The Bible says God is real, perhaps more real than you imagine, but there is something seriously wrong between us and him. There are a few things it tells us we need to do:

Face up to the problem

Most of us think of ourselves as decent people. But although we may not be murderers or thieves, we’ve all been angry or proud, looked down on others, said or thought bad things about others, tried to hide the truth. The Bible says all these things mean we fall short of God’s standards. It’s not just our actions but our wrong thoughts – the things on the inside – that are sins in God’s eyes and where the problems in our world start. We may not seem bad in our own eyes. It is easy to justify our own behaviour to ourselves. But God is perfect, and he doesn’t share our compromised and desensitised standards.

Stop relying on ourselves

We find it hard to forgive others’ words or actions that have hurt us. Yet we feel God will forgive all our wrongs, help us in this life, and accept us into heaven as if we were friends. But the Bible says that God is good, and he has a sense of justice. He cannot ignore wrong but will judge all of us as he brings about justice and divides the good and bad in heaven and hell. We are guilty of breaking God’s rules and the shocking truth is that the Bible says we are ‘alienated from God’ and his enemies because of our wrong behaviour (Colossians 1:21), facing his condemnation not reward. It is a dangerous place to be. We cannot rely on our own merit.

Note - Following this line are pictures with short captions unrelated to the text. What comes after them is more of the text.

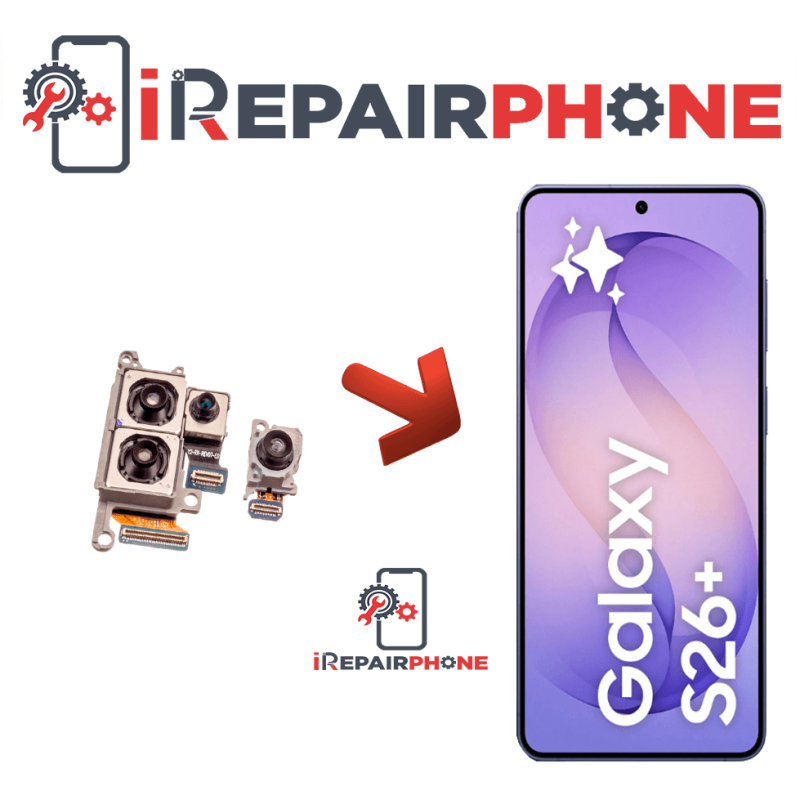 Cambiar Cámara Trasera Samsung Galaxy S26 Plus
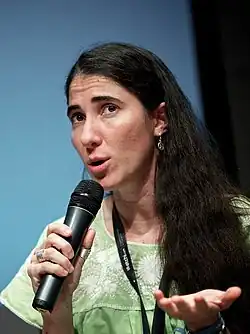 Yoani Sánchezová (6. května 2013)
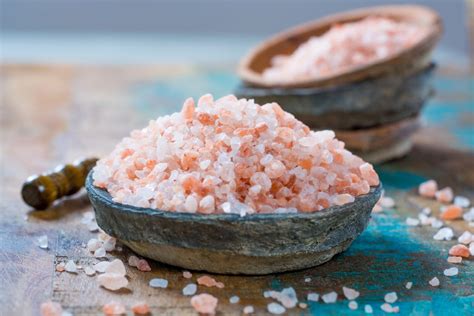 Is Himalayan Sea Salt Healthier Than Table Salt? • Cathe Friedrich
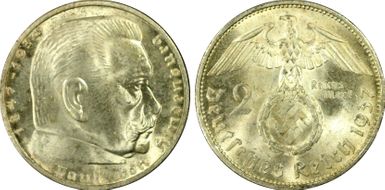 1937-E 2 Mk J-366 MS62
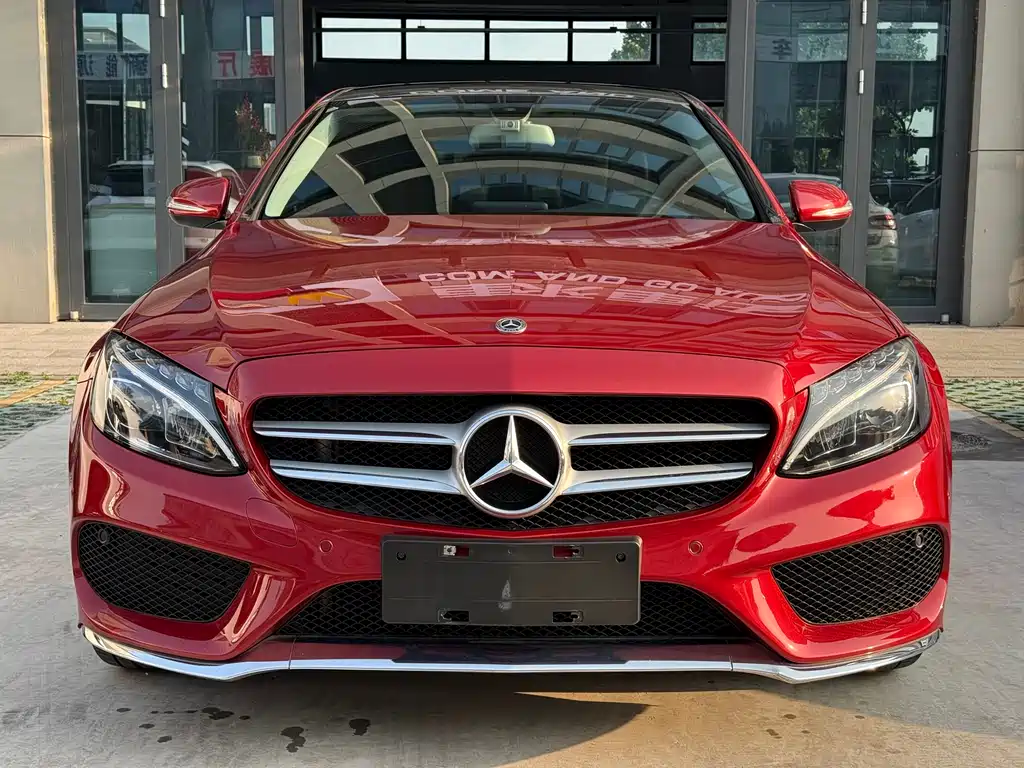 Mercedes-Benz C-Class 2018 — фото 1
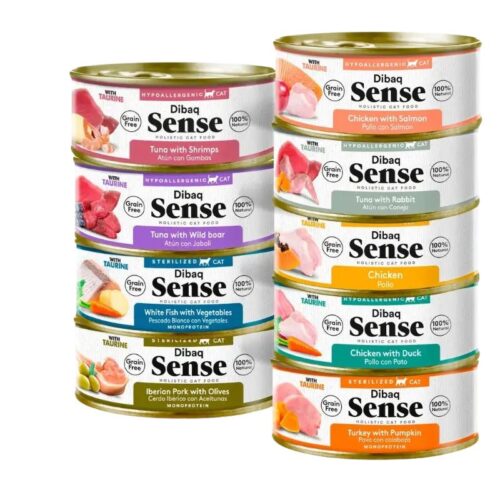 sense comida humeda para gatos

Yet the Bible says God loves us and doesn’t want to punish us. He gave everything to offer us a way out. He has paid, himself, what his justice demands, so he can forgive us. This is where the Christmas story starts – God entered our world, not to condemn us, but as a baby in humble settings, to sympathise with us and help us – ultimately to die in our place on the cross, paying for all our wrongs. Unbelievably, the Bible says, God himself ‘did not come to be served, but to serve, and to give his life as a ransom for many’ (Mark 10:45)! This is how valuable we are to God and how much he loves us, though we have ignored him. 

Make a new start

God wants us to know him, and to start living life following his good instructions in the Bible. We desperately need to do this, and to take up his offer of forgiveness, to make things right between us and him, in this life and the next. Christianity is not about doing good to earn a reward or escape guilt, but simply coming to God, faults and all, to live with his help. As we do this we can start to experience the reality of his existence and help in our lives. Why not do just that this Christmas?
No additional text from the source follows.